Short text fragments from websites
== Segment start ==

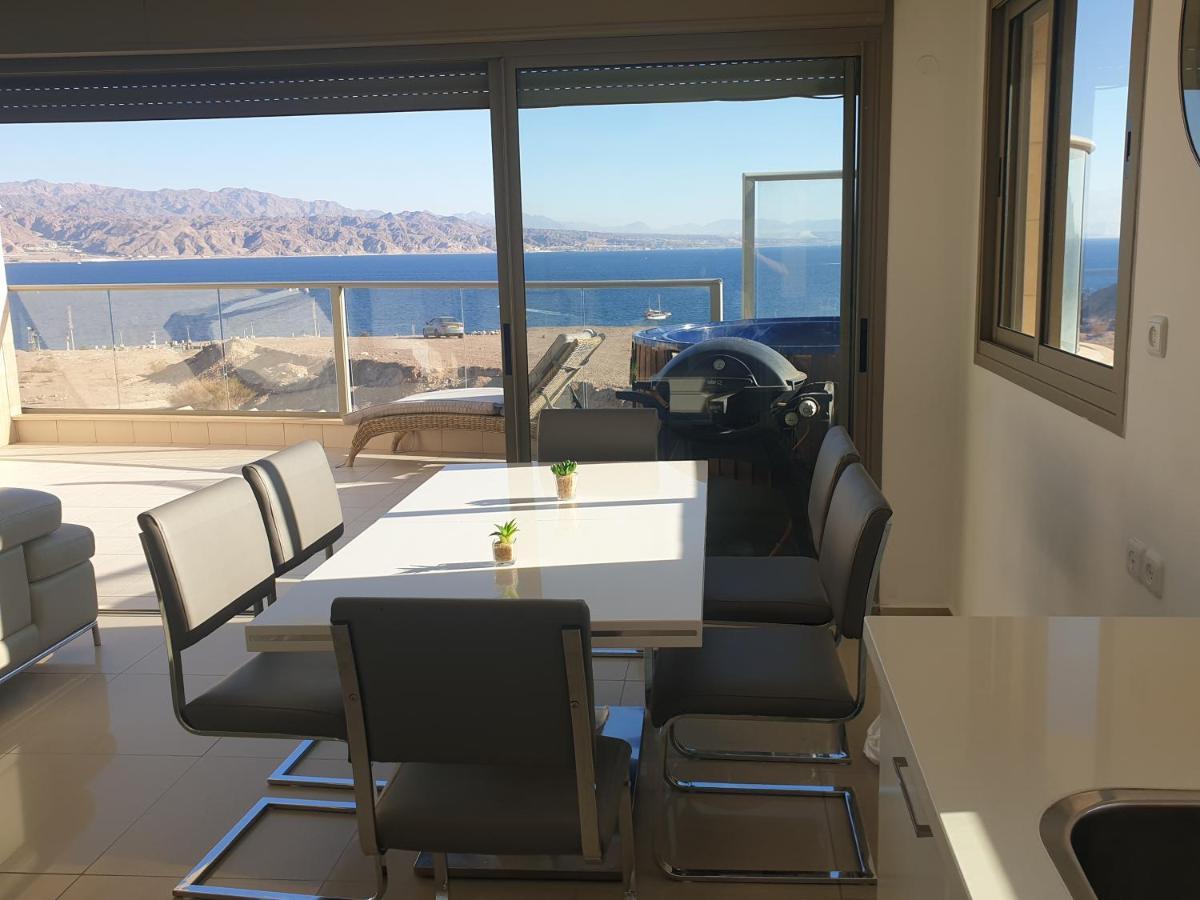 Luxury Exclusive Top Class Apartment On The Sea With Best Sea View And Jacuzzi רק למשפחות !!!! Eilat Ngoại thất bức ảnh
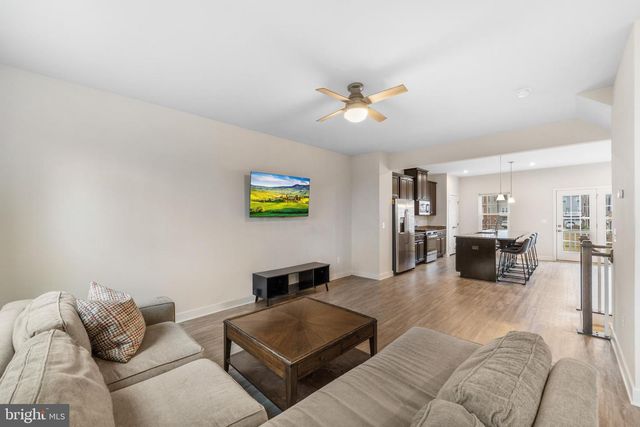 11338 WILLOW GREEN CIR, Manassas, VA 20109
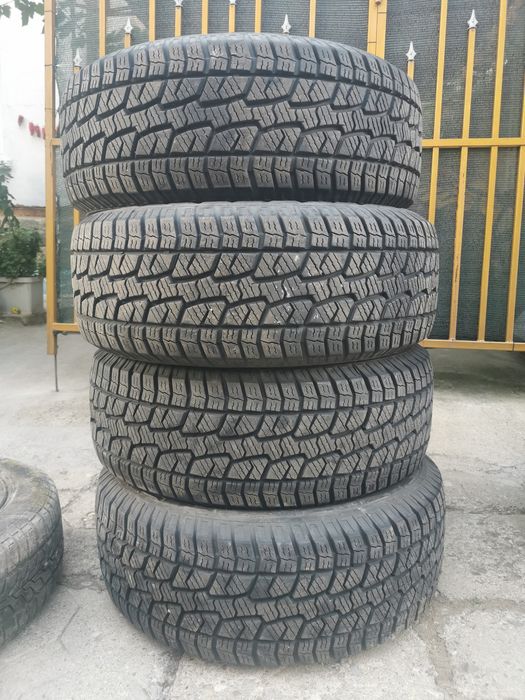 Продавам гуми  235 60 16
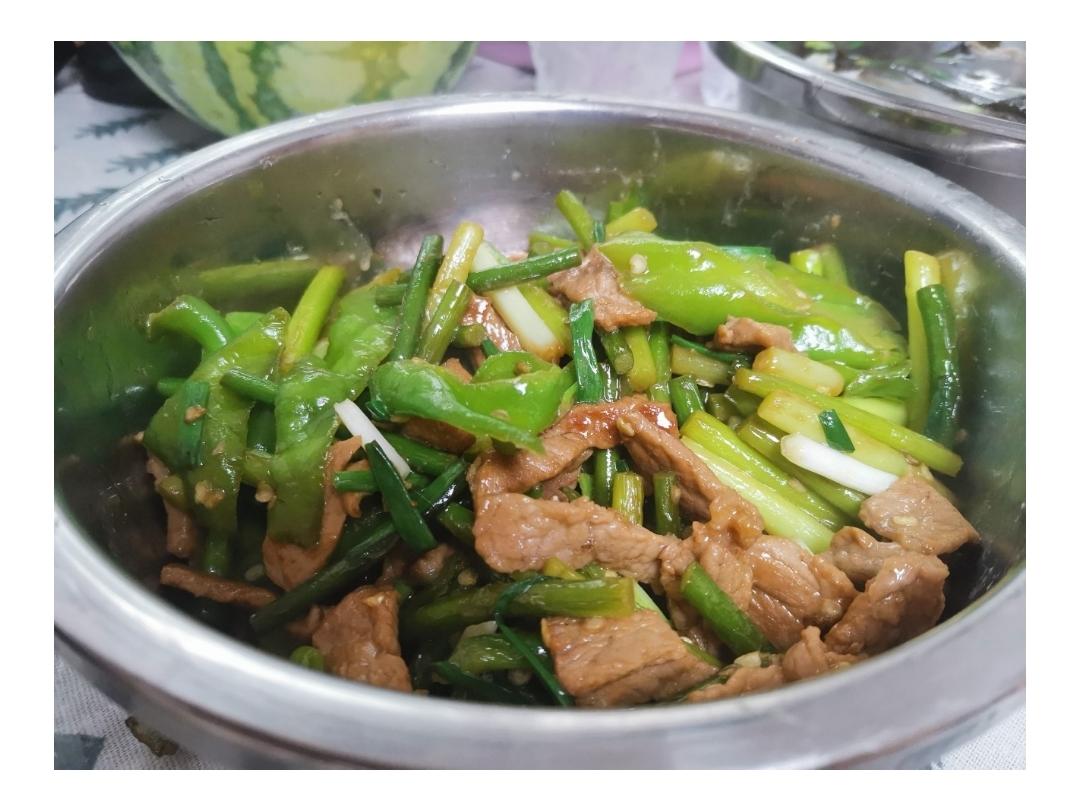 牛肉丝炒蒜苔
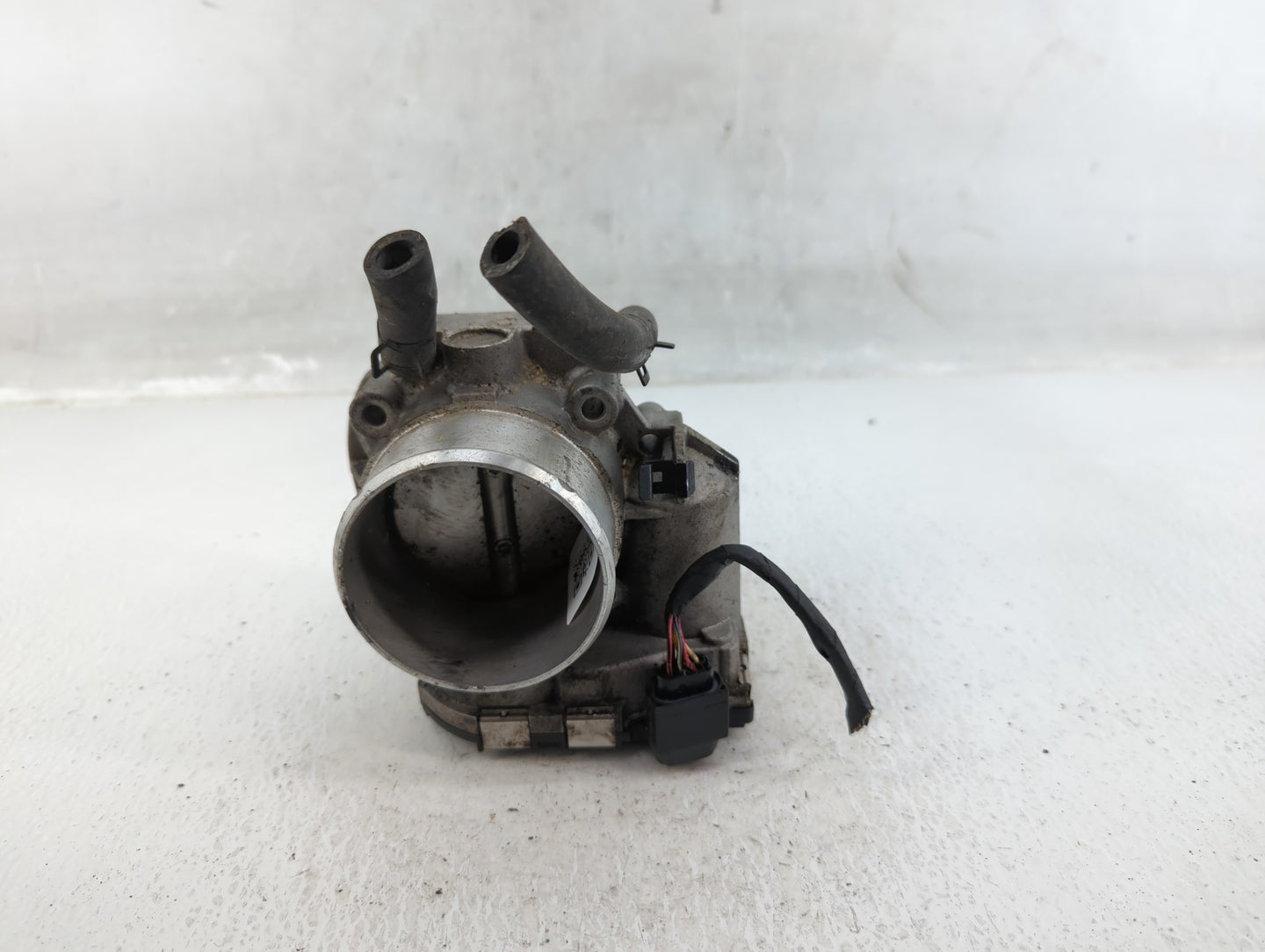 2011-2015 Kia Optima Throttle Body P/N:35100-2G700 Fits Fits 2011 2012 2013 2014 2015 2016 OEM Used Auto Parts - Oemusedauto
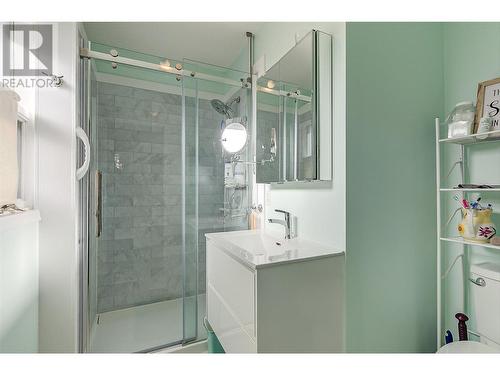 1255 Raymer Avenue Unit# 162, Kelowna, BC - Indoor Photo Showing Bathroom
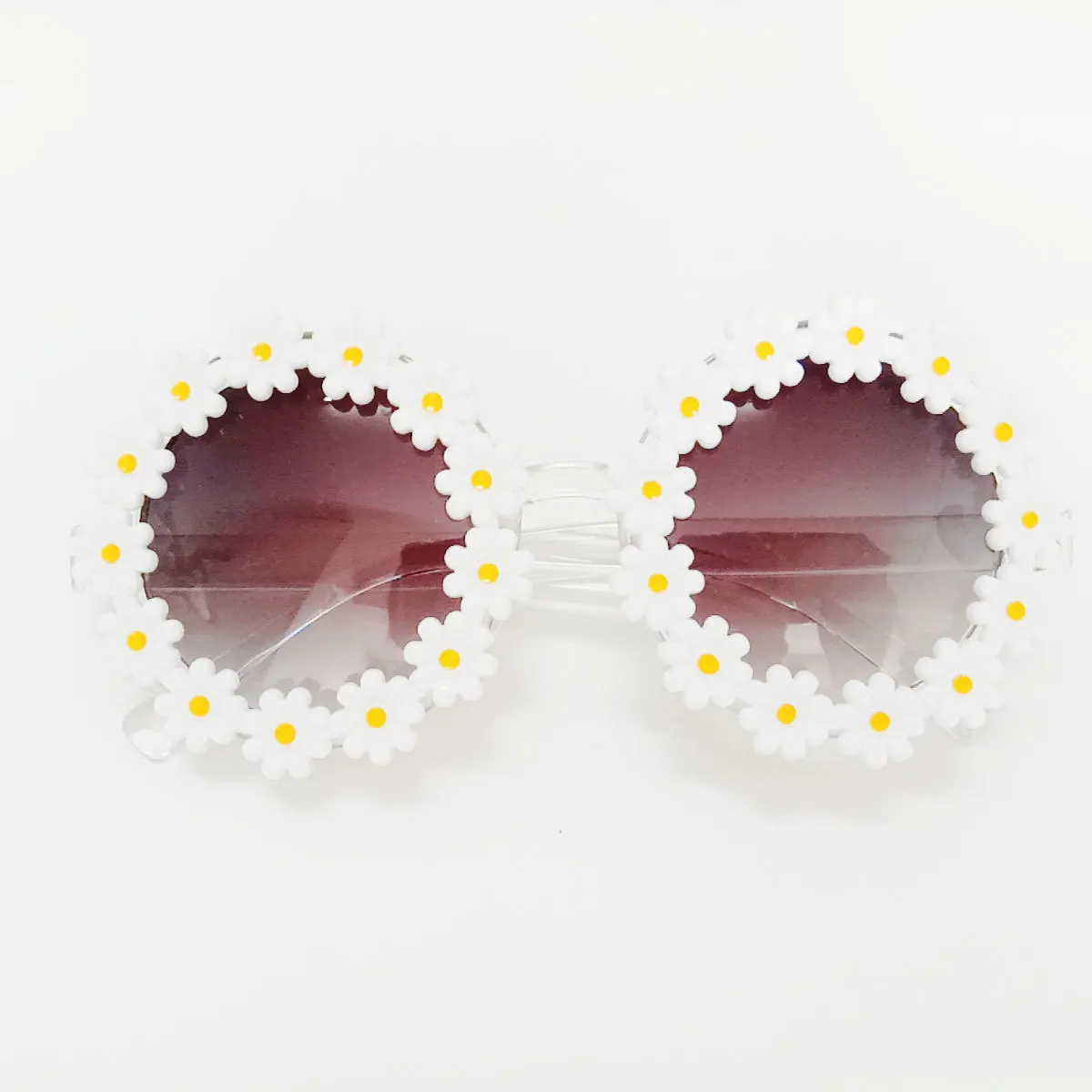 

New creative little daisy summer personality cute flower decoration plastic sunglasses for ladies, As the pictures show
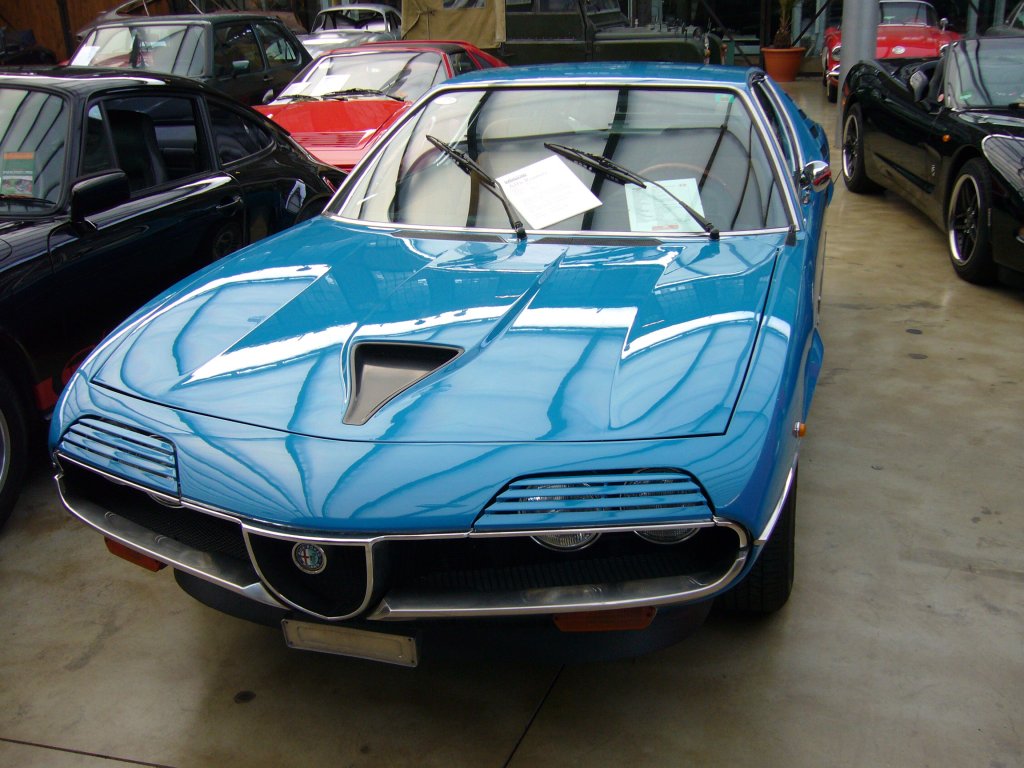 Alfa Romeo Montreal. 1970 - 1977. Von diesem Modell wurden 3.917 Fahrzeuge produziert. Der 2.593 cm V8-motor leistet 200 PS. Das Fahrwerk wurde vom Typ 105 (Giulia) bernommen. Der abgelichtete Montreal ist Jahrgang 1971. Classicremise Dsseldorf am 27.08.2011.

== Segment end ==

Excluding all pictures, reproduce the records exactly as they appear above.

 Luxury Exclusive Top Class Apartment On The Sea With Best Sea View And Jacuzzi רק למשפחות !!!! Eilat Ngoại thất bức ảnh
 11338 WILLOW GREEN CIR, Manassas, VA 20109
 Продавам гуми  235 60 16
 牛肉丝炒蒜苔
 2011-2015 Kia Optima Throttle Body P/N:35100-2G700 Fits Fits 2011 2012 2013 2014 2015 2016 OEM Used Auto Parts - Oemusedauto
 1255 Raymer Avenue Unit# 162, Kelowna, BC - Indoor Photo Showing Bathroom

New creative little daisy summer personality cute flower decoration plastic sunglasses for ladies, As the pictures show
 Alfa Romeo Montreal. 1970 - 1977. Von diesem Modell wurden 3.917 Fahrzeuge produziert. Der 2.593 cm V8-motor leistet 200 PS. Das Fahrwerk wurde vom Typ 105 (Giulia) bernommen. Der abgelichtete Montreal ist Jahrgang 1971. Classicremise Dsseldorf am 27.08.2011.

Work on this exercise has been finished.